When one is moored in the centre of a city so full of charm and history that it gives one heartburn just wandering around it, the only thing that one can do to keep one's feet on the ground is to catch a bus to Ikea.
Ikea in Metz is like our home port. Our boat has been furnished by it, and when a girl needs more coathangers, who am I to suggest we look downtown among the mediaeval maze?
The good thing about visiting Sweden for a few hours is that it put Metz in perspective. The culture in the city has been constantly in a state of flux, eroded by newer cultures for thousands of years, captured and recaptured, Roman, French, German, French and so we shouldn't worry when we see a Vietnamese Butcher or a Spanish Bar, nor for that matter people overtly of religions other than Roman Catholic. I can't help but think that the patina of the place has been earned by such a diverse number of cultures and even countries that had we visited under similar circumstances thirty years ago, I may have been lost to it's charms, never to have been found again.

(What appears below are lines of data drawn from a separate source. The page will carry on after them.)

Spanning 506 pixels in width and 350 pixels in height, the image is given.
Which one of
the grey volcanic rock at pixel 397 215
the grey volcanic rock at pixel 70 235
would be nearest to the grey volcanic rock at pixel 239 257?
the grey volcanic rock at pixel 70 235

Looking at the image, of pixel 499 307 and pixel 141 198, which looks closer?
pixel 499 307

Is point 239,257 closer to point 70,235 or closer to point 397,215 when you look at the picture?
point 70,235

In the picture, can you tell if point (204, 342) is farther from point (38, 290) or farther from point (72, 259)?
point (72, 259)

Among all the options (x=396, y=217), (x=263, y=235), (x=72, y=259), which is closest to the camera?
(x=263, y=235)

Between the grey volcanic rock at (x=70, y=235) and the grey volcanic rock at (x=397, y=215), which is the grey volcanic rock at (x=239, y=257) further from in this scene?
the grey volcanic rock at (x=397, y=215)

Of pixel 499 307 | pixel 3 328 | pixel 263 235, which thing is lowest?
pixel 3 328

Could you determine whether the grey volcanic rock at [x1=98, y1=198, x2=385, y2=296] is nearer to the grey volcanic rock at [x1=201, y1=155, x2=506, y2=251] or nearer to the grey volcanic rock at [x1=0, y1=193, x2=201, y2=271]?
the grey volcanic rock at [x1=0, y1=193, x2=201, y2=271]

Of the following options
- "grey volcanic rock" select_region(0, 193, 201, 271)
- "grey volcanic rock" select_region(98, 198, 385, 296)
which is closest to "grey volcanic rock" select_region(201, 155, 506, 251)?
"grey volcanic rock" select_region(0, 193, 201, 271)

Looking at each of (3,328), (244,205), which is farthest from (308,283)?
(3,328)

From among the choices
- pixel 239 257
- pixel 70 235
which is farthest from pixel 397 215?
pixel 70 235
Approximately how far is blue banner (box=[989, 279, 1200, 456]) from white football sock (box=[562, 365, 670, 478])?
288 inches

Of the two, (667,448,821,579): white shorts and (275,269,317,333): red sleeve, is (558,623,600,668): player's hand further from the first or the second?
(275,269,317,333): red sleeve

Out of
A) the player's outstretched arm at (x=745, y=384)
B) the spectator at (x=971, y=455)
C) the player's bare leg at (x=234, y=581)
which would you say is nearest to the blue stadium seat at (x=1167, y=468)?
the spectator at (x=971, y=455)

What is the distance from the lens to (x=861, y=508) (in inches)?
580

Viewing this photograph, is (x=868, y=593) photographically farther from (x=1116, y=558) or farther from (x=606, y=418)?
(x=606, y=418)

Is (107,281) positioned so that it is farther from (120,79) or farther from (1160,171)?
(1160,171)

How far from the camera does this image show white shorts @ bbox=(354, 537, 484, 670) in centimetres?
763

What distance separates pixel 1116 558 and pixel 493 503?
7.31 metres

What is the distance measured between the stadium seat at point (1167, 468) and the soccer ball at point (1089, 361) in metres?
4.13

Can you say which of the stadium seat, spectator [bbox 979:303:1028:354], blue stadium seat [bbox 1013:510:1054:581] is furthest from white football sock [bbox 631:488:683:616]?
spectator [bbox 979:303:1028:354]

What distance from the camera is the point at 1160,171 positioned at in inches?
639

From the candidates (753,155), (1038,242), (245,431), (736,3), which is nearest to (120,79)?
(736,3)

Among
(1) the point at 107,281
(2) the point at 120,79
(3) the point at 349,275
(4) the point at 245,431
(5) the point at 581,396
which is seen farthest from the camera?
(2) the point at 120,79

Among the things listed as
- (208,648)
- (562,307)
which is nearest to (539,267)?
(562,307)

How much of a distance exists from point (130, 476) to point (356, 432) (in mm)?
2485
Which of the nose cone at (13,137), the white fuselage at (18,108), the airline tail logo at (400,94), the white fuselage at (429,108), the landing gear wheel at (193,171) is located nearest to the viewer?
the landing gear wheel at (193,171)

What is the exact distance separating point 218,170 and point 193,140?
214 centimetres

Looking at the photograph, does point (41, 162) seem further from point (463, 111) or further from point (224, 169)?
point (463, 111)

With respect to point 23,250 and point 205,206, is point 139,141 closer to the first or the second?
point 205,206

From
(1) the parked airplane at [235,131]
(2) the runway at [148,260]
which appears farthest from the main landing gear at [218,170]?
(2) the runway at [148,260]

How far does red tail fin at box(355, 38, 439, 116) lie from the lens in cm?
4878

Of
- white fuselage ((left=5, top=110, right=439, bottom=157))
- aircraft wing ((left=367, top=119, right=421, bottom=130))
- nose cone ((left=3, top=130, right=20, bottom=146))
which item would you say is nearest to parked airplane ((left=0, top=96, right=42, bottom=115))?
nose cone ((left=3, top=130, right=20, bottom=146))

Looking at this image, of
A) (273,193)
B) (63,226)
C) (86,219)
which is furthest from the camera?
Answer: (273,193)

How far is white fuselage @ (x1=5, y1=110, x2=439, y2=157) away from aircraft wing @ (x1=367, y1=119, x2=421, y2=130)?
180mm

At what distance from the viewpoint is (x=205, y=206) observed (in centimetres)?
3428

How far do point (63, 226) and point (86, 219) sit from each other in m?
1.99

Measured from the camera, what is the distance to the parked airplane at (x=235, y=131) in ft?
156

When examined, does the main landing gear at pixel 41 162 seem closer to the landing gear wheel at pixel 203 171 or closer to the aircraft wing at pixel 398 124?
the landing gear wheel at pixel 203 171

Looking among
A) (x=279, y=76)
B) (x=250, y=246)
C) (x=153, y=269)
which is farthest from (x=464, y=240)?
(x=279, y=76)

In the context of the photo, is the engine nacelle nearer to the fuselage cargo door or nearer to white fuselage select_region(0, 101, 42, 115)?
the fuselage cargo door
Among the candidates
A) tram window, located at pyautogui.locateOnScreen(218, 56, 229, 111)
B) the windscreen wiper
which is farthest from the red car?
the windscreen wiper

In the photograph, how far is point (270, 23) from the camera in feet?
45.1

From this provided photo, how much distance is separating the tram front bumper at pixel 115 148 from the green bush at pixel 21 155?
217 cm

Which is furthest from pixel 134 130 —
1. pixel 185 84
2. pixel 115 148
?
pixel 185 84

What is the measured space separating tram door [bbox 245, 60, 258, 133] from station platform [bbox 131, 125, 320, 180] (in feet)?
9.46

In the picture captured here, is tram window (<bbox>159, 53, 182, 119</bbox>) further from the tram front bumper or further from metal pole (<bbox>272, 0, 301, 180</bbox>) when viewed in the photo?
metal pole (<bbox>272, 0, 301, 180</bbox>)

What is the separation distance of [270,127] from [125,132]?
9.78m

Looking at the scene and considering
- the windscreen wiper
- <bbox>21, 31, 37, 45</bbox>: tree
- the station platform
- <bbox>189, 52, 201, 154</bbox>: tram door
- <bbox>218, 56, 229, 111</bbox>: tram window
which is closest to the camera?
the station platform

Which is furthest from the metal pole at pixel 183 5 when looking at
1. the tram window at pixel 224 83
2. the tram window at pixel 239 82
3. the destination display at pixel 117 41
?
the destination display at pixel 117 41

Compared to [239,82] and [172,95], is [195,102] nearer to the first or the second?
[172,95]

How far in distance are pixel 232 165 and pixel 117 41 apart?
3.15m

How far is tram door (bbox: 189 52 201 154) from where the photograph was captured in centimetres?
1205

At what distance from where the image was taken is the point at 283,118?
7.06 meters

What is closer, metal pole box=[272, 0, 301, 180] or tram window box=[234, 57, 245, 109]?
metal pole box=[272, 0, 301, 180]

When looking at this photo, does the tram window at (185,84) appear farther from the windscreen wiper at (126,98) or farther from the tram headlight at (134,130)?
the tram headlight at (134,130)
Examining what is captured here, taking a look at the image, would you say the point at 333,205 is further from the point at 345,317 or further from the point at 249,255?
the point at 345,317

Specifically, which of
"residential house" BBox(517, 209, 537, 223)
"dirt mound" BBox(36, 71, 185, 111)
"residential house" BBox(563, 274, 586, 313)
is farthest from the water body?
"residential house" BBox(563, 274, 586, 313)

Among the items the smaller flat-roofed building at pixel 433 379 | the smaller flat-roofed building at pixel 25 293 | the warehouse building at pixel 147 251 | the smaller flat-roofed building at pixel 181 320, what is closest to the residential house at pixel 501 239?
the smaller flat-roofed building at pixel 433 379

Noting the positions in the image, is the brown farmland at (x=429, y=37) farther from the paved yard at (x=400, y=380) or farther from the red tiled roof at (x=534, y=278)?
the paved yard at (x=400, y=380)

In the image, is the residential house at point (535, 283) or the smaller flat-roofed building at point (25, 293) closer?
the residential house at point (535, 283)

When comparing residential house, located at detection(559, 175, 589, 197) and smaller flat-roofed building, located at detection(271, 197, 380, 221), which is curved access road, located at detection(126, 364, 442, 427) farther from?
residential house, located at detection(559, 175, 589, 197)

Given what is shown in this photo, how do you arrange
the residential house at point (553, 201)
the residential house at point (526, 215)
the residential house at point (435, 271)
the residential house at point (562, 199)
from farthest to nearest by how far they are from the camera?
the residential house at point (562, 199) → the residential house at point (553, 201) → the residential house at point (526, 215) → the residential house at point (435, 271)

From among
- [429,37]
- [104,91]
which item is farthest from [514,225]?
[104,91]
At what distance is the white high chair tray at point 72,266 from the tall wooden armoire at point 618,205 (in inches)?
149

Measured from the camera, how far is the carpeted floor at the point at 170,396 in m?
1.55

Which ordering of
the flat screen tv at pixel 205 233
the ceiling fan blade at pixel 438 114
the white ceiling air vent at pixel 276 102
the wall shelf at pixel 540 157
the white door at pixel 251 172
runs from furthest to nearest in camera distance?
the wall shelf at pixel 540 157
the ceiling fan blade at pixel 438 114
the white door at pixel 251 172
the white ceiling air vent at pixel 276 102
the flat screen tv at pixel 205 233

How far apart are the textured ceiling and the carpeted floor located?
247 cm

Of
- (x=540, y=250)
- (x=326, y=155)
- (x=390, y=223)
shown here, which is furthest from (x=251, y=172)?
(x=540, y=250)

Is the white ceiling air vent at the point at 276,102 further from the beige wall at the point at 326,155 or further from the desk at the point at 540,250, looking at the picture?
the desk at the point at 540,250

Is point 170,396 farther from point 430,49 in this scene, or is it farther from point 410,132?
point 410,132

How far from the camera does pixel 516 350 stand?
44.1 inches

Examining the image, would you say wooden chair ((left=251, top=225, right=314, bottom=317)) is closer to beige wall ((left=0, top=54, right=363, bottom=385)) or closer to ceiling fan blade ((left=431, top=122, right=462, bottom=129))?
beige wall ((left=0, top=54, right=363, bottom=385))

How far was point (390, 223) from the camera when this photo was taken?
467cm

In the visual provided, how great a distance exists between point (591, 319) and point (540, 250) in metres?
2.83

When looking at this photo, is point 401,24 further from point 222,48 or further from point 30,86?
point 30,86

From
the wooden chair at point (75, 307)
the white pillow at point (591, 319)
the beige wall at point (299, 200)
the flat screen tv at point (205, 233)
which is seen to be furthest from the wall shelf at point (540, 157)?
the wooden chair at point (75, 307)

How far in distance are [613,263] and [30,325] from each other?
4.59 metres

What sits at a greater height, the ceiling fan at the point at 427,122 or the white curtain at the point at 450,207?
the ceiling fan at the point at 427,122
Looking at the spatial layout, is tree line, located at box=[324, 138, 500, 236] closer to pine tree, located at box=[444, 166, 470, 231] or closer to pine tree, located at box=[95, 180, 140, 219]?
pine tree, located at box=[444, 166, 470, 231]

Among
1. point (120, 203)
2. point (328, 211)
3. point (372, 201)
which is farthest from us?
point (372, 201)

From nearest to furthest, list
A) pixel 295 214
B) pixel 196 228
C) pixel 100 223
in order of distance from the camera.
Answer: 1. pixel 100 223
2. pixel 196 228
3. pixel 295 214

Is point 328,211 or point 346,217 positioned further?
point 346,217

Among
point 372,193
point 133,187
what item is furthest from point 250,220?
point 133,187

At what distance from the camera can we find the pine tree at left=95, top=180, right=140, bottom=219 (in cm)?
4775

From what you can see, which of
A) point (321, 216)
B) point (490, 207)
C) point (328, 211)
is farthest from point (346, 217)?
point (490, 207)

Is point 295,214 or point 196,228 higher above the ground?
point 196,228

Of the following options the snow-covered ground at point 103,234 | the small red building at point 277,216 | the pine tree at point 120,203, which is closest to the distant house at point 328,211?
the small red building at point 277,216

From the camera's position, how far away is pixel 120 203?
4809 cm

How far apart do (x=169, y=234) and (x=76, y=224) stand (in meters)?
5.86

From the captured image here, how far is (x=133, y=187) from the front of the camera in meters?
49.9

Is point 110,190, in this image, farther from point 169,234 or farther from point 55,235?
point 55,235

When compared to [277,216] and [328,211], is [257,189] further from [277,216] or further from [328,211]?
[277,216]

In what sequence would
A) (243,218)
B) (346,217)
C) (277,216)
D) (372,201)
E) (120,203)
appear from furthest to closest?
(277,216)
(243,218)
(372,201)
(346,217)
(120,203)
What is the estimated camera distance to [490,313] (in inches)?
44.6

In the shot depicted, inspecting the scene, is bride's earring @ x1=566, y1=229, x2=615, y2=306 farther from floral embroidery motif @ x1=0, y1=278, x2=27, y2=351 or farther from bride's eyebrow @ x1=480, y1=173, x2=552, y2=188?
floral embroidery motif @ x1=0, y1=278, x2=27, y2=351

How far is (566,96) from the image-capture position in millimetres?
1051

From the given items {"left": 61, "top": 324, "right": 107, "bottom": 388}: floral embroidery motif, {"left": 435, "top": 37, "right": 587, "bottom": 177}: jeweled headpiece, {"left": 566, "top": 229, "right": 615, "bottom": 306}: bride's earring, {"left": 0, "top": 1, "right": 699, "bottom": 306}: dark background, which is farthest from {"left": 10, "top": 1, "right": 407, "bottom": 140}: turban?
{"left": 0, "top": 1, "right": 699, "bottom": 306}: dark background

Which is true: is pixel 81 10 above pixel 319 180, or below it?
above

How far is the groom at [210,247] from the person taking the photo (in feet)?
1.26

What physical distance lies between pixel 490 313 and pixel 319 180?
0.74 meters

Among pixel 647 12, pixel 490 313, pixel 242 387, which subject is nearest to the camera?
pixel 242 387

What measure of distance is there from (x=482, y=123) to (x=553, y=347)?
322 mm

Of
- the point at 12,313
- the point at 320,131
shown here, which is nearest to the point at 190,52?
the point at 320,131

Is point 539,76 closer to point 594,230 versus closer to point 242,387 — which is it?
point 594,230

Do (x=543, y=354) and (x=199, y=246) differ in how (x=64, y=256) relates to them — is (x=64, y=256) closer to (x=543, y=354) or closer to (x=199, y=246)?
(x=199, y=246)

Three days is not enough, but we are determined to move this time, in another direction. We shall as once was said in a different context, return, and when we do it will be for a while, and we'll find the shop again if it takes a year. The shop that was chocked to the rafters with "stuff" that had been there for a century at least, that sold rubber bands by the "each" and had every known variety of everything stacked somewhere where the proprietor could unstack, move a pile, look under something and find it by reaching into a burrow and feeling with her fingertips. We bought an egg beater from her for the price of a small car, and she was pleased to tell us the materials in it are "tres bon", and they are, all cast metal and polished in a way that things used to be done before China was invented.
It will take more than a few gateaux before its price is amortised, but then our quarter of an hour in her shop was worth the admission.
Come to think of it, maybe it was the Ikea gateaux that gave me the heartburn?
3 comments
Delightful monologue, my man!
China was invented quite a while ago ...
I am going to have to get me a road map to follow youse lot ...
Was the 3 on a house or along the canal somehow ...
Thanks Julie, in no particular order;
The three was a number on a very modest house in an alley we found ourselves lost in.
No need for a road map, use google maps http://maps.google.com.au/ we do, a lot!
I wondered about China..... although it is true that the locks for the canals here were engineered by an Italian bloke called da Vinci. I suspect the eggbeater might be something he left behind.